# Preparing Fumidil B* Correctly??



## wildbranch2007 (Dec 3, 2008)

i went and got a copy of the directions thinking they were had to be different because I mix it differently.
the directions say best prepared at a concentration fo 24mg fumagillin base per litre of syrup. usually a 2:1 syrup. fumagilin=b may be dissolved in water or syrup at room temperature. for best results, heat the required amount of water to 35-50c then remove the heat source and add the fumedil and then the surgar in that order.

I translate the 50c to about 110 degrees water there abouts, Fumadil breaks down around 110 degrees (farenhite) if I remember but they don't have on label anymore.

I mix using the method originally recommended with the old label, I put in hot tap water, at my house around 120 degrees (farenhite), mix in one to one sugar for the spring, which lowers the temp below the 110 degrees, then mix in the fumidl, the new variety mixes in alot better than the old variety.

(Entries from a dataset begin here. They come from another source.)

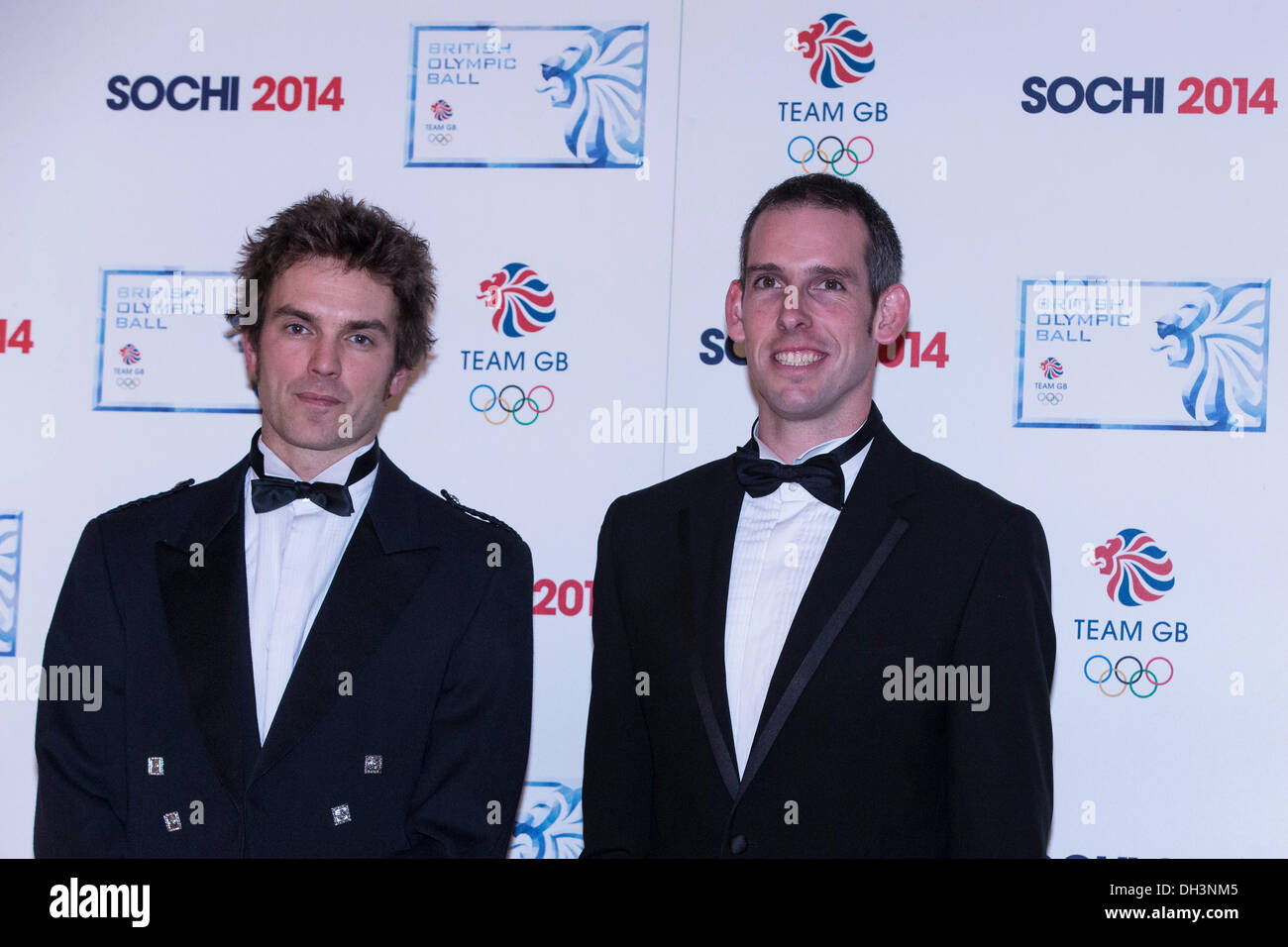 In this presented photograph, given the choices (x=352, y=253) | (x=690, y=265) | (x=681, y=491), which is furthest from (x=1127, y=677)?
(x=352, y=253)

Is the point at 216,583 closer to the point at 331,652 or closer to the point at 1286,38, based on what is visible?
the point at 331,652

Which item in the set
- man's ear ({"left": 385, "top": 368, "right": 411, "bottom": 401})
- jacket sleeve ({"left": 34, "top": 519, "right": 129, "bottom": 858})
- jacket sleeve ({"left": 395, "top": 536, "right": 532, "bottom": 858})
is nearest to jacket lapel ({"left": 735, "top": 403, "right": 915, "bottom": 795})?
jacket sleeve ({"left": 395, "top": 536, "right": 532, "bottom": 858})

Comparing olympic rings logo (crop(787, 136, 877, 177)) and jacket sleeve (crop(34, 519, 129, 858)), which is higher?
olympic rings logo (crop(787, 136, 877, 177))

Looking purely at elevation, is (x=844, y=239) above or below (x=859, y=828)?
above

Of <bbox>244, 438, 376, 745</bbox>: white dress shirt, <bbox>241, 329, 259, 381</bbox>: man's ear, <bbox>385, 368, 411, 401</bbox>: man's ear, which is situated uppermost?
<bbox>241, 329, 259, 381</bbox>: man's ear

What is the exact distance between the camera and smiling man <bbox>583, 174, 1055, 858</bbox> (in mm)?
2736

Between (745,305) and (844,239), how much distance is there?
26 cm

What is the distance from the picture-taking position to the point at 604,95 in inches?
156

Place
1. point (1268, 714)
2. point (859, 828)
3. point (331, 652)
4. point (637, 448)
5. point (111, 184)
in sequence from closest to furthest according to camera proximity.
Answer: point (859, 828) < point (331, 652) < point (1268, 714) < point (637, 448) < point (111, 184)

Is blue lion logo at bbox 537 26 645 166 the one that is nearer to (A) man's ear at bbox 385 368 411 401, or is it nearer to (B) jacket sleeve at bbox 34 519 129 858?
(A) man's ear at bbox 385 368 411 401

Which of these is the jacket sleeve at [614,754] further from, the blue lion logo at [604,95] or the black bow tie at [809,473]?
the blue lion logo at [604,95]

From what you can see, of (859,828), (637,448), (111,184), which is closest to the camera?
(859,828)

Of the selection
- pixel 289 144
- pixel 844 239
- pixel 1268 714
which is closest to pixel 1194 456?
pixel 1268 714

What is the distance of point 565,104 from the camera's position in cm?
399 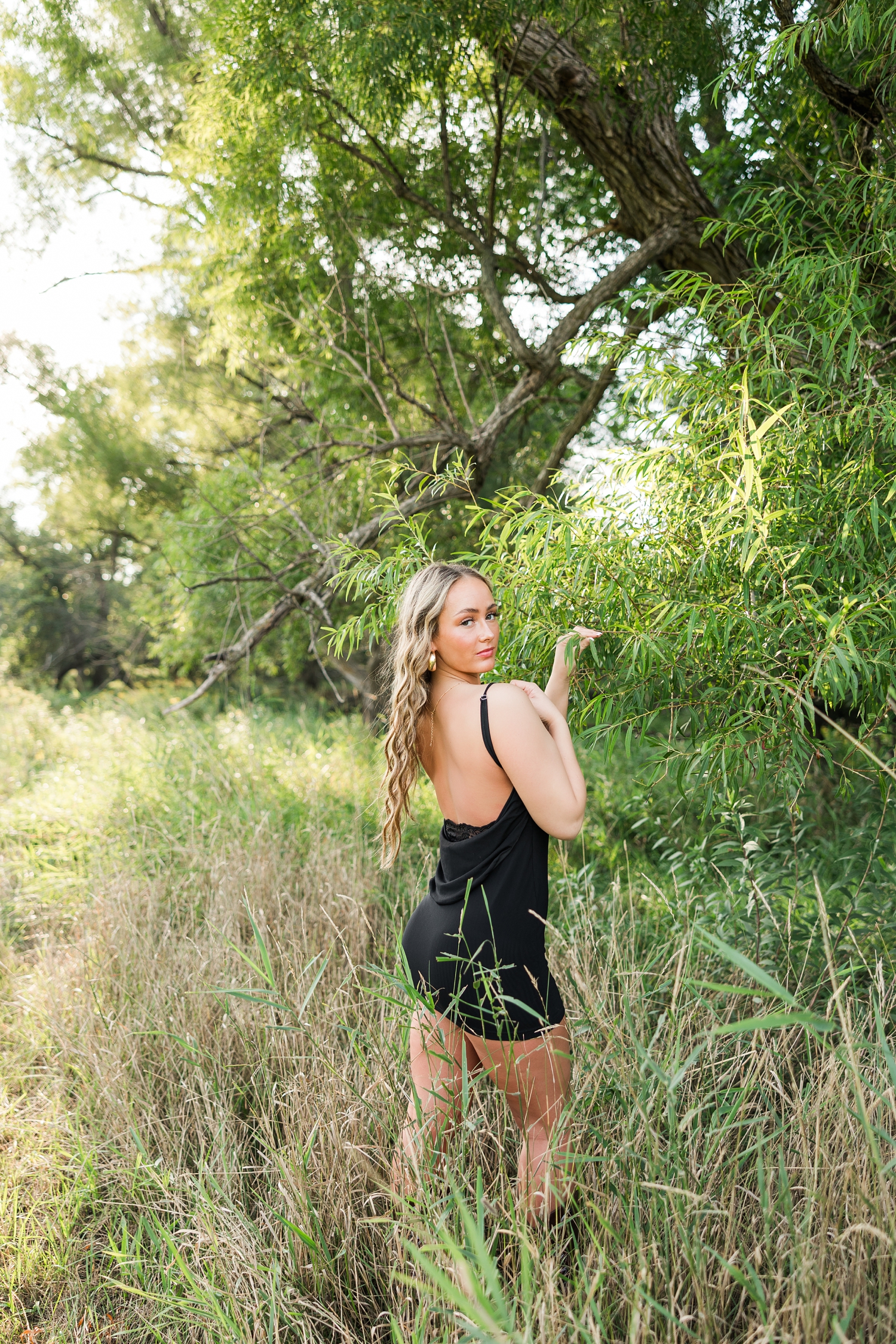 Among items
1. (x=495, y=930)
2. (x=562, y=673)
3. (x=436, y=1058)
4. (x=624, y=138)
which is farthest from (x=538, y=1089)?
(x=624, y=138)

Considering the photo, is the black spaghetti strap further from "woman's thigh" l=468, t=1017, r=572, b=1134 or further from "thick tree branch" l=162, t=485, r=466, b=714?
"thick tree branch" l=162, t=485, r=466, b=714

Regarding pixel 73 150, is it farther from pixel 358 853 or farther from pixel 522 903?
pixel 522 903

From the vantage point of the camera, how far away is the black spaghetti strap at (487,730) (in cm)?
187

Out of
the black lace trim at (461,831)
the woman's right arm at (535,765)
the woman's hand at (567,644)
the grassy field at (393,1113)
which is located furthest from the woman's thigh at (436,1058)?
the woman's hand at (567,644)

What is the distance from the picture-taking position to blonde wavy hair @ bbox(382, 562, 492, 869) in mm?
2072

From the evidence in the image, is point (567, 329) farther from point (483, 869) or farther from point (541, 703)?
point (483, 869)

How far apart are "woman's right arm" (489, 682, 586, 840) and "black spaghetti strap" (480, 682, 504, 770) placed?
Answer: 0.01 metres

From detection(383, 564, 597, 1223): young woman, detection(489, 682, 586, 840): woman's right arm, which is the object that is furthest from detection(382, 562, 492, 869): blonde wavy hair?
detection(489, 682, 586, 840): woman's right arm

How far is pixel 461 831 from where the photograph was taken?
2035mm

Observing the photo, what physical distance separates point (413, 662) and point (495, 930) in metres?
0.70

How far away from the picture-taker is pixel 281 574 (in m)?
5.18

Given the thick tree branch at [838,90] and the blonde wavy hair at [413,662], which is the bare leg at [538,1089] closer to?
the blonde wavy hair at [413,662]

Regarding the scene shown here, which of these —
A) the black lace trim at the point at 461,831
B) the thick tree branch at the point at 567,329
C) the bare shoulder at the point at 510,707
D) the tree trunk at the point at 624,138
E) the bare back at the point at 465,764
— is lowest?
the black lace trim at the point at 461,831

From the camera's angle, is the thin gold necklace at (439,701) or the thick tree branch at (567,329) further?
the thick tree branch at (567,329) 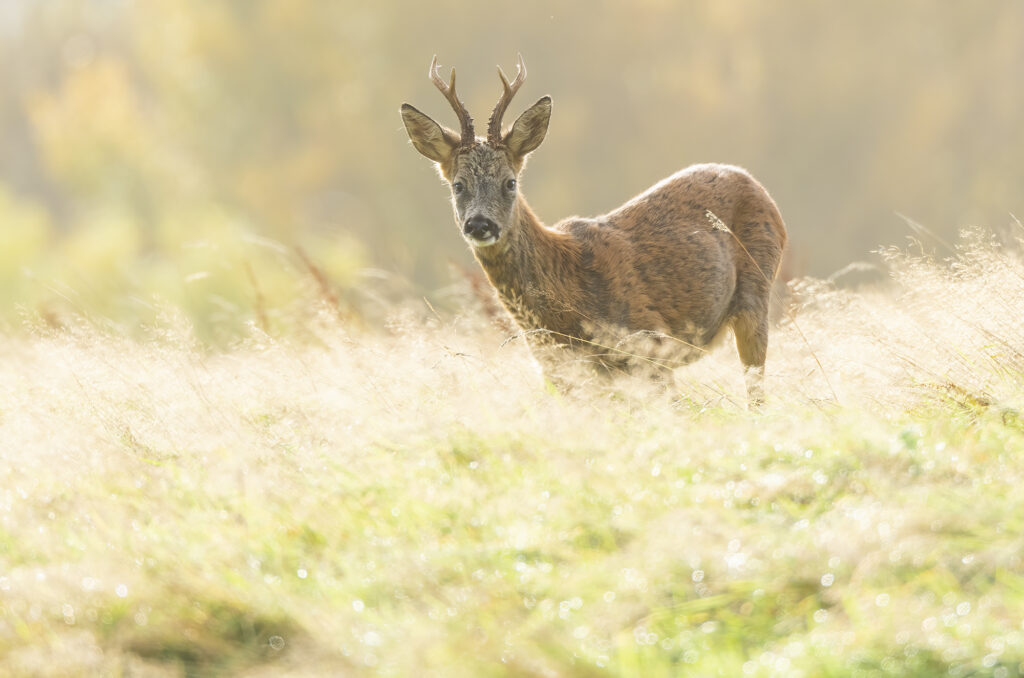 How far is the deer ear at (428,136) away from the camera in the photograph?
20.4ft

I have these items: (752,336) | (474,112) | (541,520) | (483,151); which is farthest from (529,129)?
(474,112)

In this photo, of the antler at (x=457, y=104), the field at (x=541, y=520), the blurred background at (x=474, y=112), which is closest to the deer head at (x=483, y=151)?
the antler at (x=457, y=104)

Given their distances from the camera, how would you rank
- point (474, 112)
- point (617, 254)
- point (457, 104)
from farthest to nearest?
point (474, 112) → point (617, 254) → point (457, 104)

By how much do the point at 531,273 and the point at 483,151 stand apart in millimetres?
842

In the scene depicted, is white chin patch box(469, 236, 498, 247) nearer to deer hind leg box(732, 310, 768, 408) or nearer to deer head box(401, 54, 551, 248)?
deer head box(401, 54, 551, 248)

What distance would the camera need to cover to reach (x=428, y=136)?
6.31m

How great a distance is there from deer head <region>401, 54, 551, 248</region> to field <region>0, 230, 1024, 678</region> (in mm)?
1043

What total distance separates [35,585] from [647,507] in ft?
5.94

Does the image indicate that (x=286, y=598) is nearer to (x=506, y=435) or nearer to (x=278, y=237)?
(x=506, y=435)

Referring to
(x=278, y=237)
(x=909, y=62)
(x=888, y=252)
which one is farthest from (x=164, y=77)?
(x=888, y=252)

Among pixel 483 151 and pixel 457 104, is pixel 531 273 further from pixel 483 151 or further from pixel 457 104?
pixel 457 104

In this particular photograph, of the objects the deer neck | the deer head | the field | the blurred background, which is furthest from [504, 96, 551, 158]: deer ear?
the blurred background

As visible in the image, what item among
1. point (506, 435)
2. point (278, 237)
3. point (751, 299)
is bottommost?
point (278, 237)

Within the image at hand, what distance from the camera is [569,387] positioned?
16.8 feet
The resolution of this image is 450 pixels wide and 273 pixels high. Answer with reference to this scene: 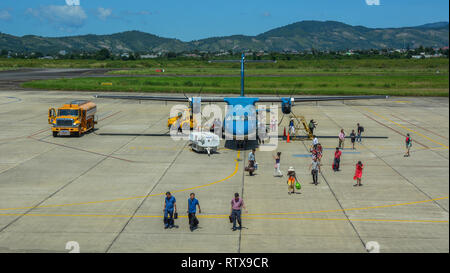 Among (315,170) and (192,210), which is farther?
(315,170)

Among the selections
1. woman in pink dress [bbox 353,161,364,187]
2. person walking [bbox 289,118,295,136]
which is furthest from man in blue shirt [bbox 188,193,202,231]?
person walking [bbox 289,118,295,136]

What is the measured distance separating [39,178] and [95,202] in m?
5.44

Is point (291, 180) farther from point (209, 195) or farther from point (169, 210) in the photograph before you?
point (169, 210)

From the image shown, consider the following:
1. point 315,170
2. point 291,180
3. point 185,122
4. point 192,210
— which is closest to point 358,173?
point 315,170

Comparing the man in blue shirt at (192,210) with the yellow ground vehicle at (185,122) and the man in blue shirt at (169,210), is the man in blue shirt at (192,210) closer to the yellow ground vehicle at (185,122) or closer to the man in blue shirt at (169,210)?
the man in blue shirt at (169,210)

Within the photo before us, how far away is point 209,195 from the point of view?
713 inches

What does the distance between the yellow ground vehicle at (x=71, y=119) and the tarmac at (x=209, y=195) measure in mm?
874

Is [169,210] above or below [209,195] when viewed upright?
above

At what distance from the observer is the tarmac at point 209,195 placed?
511 inches

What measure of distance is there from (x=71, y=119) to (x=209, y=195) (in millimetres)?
17674

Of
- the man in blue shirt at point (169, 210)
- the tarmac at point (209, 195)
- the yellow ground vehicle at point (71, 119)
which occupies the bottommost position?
the tarmac at point (209, 195)

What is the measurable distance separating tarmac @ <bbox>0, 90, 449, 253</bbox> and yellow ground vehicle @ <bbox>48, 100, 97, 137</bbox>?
2.87ft

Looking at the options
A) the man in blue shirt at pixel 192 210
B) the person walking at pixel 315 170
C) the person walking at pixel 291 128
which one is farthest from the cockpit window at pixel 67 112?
the man in blue shirt at pixel 192 210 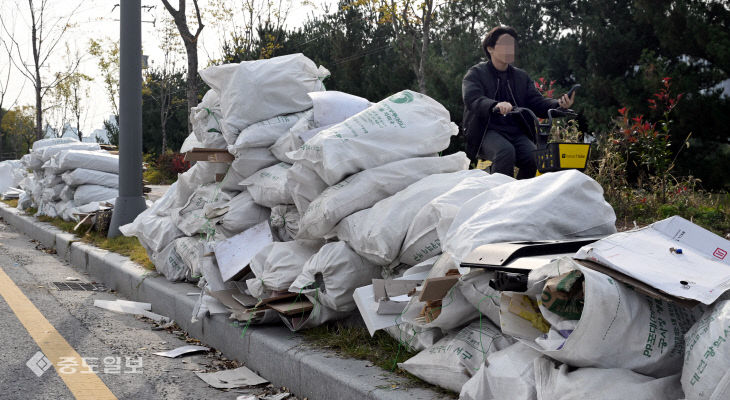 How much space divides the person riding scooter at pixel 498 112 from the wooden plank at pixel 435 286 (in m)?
2.38

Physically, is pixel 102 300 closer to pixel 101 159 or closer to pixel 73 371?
pixel 73 371

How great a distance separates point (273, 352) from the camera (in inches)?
131

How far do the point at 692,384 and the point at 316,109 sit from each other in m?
3.13

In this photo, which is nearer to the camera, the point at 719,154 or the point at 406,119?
the point at 406,119

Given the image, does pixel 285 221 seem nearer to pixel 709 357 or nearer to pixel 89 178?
pixel 709 357

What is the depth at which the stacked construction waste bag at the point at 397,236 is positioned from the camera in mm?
2000

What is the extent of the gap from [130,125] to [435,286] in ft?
20.0

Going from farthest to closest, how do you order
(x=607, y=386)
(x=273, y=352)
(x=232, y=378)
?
(x=232, y=378) → (x=273, y=352) → (x=607, y=386)

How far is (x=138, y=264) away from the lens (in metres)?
6.02

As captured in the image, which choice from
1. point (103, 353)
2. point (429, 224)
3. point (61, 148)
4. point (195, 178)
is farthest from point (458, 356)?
point (61, 148)

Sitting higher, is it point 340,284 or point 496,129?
point 496,129

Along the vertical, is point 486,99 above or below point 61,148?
above

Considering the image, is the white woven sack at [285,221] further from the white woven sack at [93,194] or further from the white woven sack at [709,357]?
the white woven sack at [93,194]

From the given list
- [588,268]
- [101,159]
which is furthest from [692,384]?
[101,159] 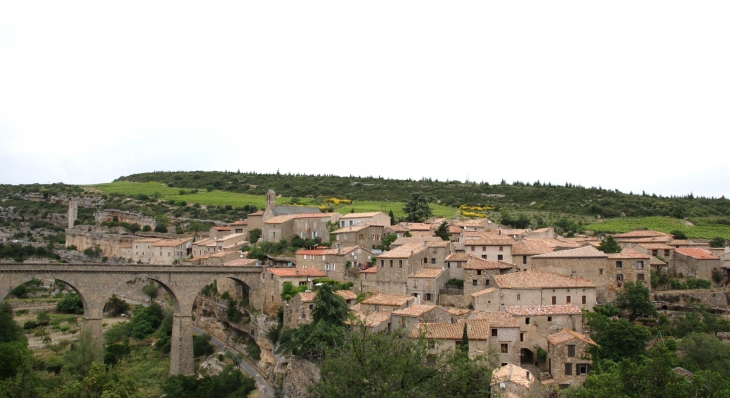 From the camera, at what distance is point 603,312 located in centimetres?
3478

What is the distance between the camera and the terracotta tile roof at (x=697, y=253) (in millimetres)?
42531

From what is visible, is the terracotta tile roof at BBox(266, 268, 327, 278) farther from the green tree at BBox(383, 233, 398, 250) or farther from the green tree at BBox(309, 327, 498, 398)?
the green tree at BBox(309, 327, 498, 398)

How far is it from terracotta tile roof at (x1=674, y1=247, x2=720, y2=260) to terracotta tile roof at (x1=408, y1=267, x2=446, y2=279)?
61.7 feet

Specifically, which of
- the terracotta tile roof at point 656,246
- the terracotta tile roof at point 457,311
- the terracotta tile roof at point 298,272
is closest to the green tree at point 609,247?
the terracotta tile roof at point 656,246

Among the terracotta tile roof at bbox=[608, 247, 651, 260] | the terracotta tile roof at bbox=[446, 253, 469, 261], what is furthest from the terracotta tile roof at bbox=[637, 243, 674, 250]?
the terracotta tile roof at bbox=[446, 253, 469, 261]

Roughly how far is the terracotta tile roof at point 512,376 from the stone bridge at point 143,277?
2543 cm

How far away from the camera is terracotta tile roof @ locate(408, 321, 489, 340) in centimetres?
2966

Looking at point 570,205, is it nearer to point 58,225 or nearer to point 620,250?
point 620,250

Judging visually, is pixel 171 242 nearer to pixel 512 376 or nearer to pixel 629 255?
pixel 629 255

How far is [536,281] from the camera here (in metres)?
35.6

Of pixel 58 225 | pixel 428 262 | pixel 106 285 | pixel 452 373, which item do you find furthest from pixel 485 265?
pixel 58 225

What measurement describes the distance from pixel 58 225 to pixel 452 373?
309 feet

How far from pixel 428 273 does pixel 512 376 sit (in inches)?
555

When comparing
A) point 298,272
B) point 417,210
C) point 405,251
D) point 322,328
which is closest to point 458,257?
point 405,251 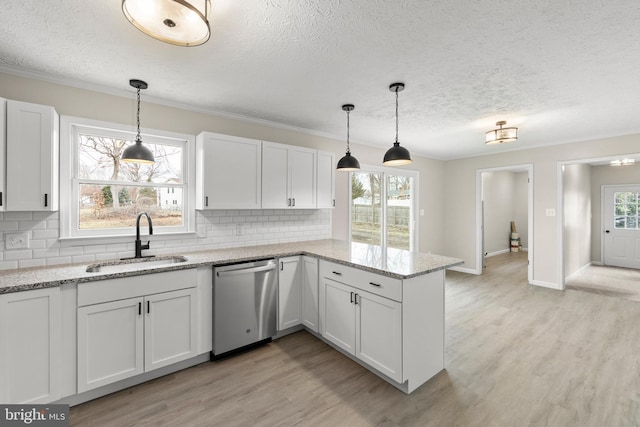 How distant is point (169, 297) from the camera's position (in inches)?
92.4

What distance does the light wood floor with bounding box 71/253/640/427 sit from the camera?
75.9 inches

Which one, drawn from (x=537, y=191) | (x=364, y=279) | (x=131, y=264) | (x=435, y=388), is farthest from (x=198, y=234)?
(x=537, y=191)

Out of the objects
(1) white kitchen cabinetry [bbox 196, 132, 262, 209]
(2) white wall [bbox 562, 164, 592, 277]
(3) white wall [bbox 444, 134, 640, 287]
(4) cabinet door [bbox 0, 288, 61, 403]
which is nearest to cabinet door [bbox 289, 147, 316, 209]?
(1) white kitchen cabinetry [bbox 196, 132, 262, 209]

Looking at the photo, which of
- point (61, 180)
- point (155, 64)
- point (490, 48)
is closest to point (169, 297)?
point (61, 180)

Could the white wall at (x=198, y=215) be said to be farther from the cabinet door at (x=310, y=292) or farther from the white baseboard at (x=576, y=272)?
the white baseboard at (x=576, y=272)

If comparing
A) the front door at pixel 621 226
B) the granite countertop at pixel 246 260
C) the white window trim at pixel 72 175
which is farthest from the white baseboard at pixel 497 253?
the white window trim at pixel 72 175

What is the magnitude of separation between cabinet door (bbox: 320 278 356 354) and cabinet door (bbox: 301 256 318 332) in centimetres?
13

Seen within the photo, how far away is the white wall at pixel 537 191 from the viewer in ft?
14.6

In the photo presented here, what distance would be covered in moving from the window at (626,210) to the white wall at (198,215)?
234 inches

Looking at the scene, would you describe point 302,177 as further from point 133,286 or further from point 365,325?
point 133,286

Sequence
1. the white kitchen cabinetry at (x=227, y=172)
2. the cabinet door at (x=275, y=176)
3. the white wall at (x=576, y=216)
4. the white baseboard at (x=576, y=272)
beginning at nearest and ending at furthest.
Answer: the white kitchen cabinetry at (x=227, y=172) → the cabinet door at (x=275, y=176) → the white wall at (x=576, y=216) → the white baseboard at (x=576, y=272)

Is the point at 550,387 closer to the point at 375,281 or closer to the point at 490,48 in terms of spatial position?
the point at 375,281

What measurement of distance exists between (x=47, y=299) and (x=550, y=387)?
3.80 meters

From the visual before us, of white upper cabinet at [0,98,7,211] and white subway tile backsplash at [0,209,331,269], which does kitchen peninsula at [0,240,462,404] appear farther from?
white upper cabinet at [0,98,7,211] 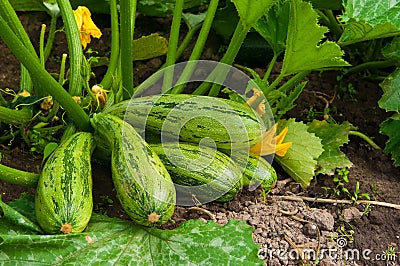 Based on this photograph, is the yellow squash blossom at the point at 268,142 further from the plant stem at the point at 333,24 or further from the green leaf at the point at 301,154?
the plant stem at the point at 333,24

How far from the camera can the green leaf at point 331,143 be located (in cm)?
239

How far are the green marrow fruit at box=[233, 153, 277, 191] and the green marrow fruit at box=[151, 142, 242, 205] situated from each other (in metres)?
0.09

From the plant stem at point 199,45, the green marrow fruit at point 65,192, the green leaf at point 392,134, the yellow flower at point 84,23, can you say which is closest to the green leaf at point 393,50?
the green leaf at point 392,134

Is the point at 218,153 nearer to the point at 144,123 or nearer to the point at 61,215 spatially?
the point at 144,123

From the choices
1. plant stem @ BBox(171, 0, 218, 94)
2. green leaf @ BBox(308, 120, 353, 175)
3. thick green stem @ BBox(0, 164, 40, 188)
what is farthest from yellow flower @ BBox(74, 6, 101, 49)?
green leaf @ BBox(308, 120, 353, 175)

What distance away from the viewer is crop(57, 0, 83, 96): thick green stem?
2244 mm

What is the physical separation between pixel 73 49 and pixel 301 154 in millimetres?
933

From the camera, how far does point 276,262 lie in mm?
1927

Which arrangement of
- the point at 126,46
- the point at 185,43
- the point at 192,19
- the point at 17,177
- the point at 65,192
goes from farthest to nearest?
the point at 192,19 → the point at 185,43 → the point at 126,46 → the point at 17,177 → the point at 65,192

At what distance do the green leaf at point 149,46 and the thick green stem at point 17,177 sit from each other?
96 centimetres

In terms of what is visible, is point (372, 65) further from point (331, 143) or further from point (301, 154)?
Result: point (301, 154)

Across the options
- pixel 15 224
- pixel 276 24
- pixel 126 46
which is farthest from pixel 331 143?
pixel 15 224

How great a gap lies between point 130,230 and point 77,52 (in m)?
0.75

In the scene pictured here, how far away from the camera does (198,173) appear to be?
2002 millimetres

seems to work for me, but you wouldn't know unless you have them tested.

hope this helps as now I'm confused.

mike


----------



## Robert Brenchley (Apr 23, 2000)

26 pints is 3 1/4 gallons. I just make up three gallons of syrup, split the Fumidil between them, and give it to the bees. I don't see what difference the quarter gallon makes. Since heating water on the allotment is a bit awkward, I use light syrup made up cold.


----------